2. The comparison under paragraph 1 shall be made before a decision to close-out is taken, as part of the valuation to inform decisions about resolution actions required under Article 36 of Directive 2014/59/EU. Once a delegated act adopted by the Commission pursuant to Article 36(15) of that Directive enters into force, the comparison shall follow the requirements set out in that delegated act.
Article 3
Communication of the decision to close out
1. Prior to exercising the write-down and conversion powers in relation to liabilities arising from derivative contracts, the resolution authority shall communicate the decision to close out contracts pursuant to Article 63(1)(k) of Directive 2014/59/EU to the counterparties to those contracts.
2. The decision to close out shall take effect immediately, or at a later close-out date and time as specified in the communication.
3. In the decision referred to in paragraph 1, the resolution authority shall specify a date and time, taking account of the requirements in Article 8(1)(c), by which counterparties may provide evidence to the resolution authority of commercially reasonable replacement trades for the purpose of determining the close-out amount pursuant to Article 6(1). The counterparty shall also provide to the resolution authority a summary of any commercially reasonable replacement trades.
4. The resolution authority may change the date and time by which counterparties may provide evidence of commercially reasonable replacement trades where such change is consistent with Article 8(1)(c).
Any decision to change the date and time by which counterparties may provide evidence of commercially reasonable replacement trades shall be communicated to the counterparty.
5. In the decision referred to in paragraph 1, the resolution authority may specify the criteria it intends to apply when assessing whether replacement trades are commercially reasonable.

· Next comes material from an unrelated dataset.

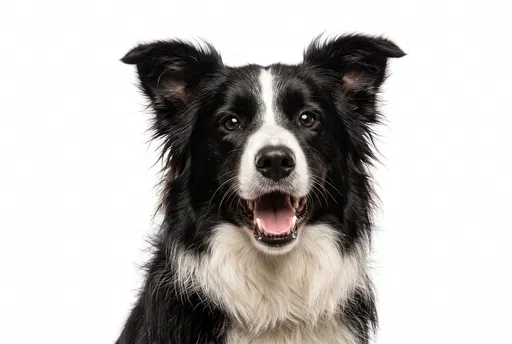Border Collie Studio Portrait on White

6. This Article shall not apply to the close-out and valuation of centrally cleared derivative contracts entered into between the institution under resolution, acting as a clearing member, and a CCP.
Article 4
Role of the netting agreement
For contracts subject to a netting agreement, the valuer shall determine, in accordance with Articles 2, 5, 6, and 7, a single amount which the institution under resolution has the legal right to receive or the legal obligation to pay as a result of the close-out of all the derivative contracts in the netting set, as defined in the netting agreement.